DATA EXTRACT:
┄┄┄┄┄┄
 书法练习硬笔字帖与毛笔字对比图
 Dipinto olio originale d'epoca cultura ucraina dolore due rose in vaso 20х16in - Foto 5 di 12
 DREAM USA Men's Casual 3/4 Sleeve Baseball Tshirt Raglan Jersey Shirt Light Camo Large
┄┄┄┄┄┄
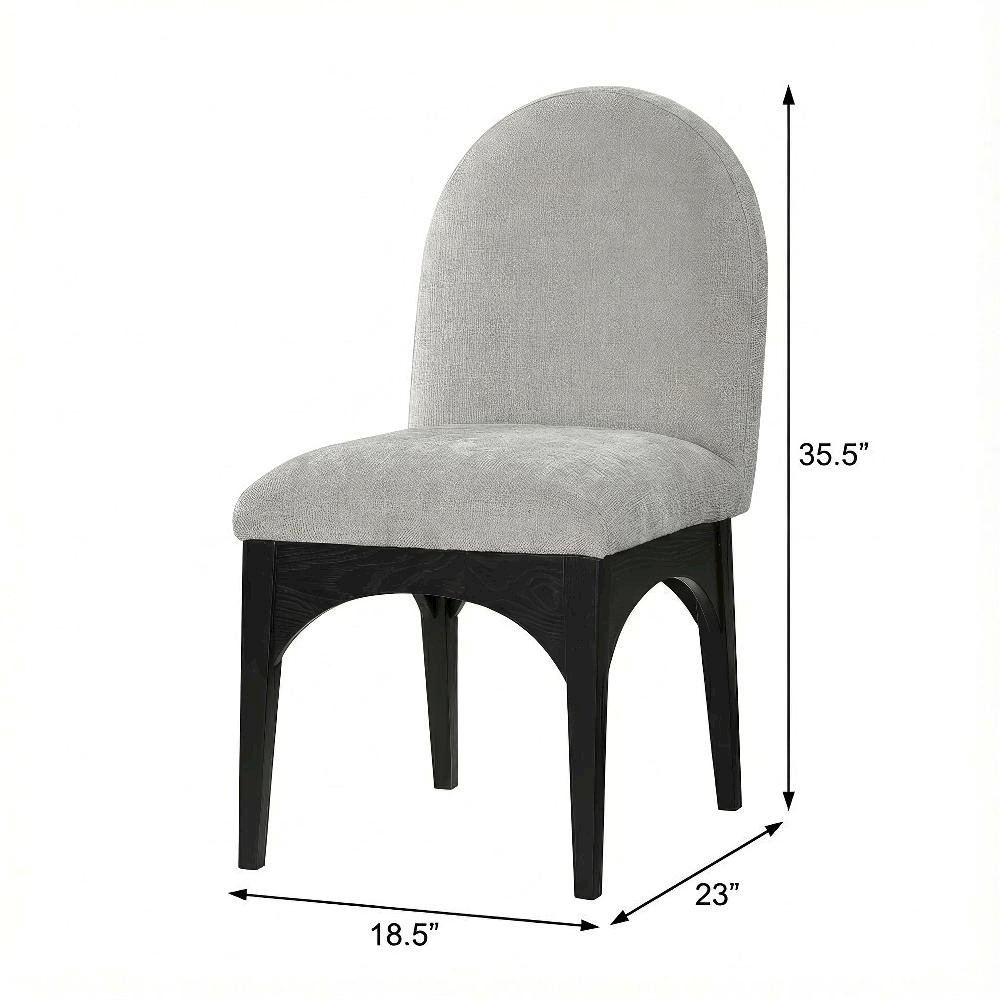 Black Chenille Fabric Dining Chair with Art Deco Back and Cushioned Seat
┄┄┄┄┄┄
TASK INSTRUCTIONS:
Among the lines above, find the one with "书法练习硬笔字帖与毛笔字对比图" and the one with "DREAM USA Men's". Quote both and everything between them, exactly.

RESULT:
 书法练习硬笔字帖与毛笔字对比图
 Dipinto olio originale d'epoca cultura ucraina dolore due rose in vaso 20х16in - Foto 5 di 12
 DREAM USA Men's Casual 3/4 Sleeve Baseball Tshirt Raglan Jersey Shirt Light Camo Large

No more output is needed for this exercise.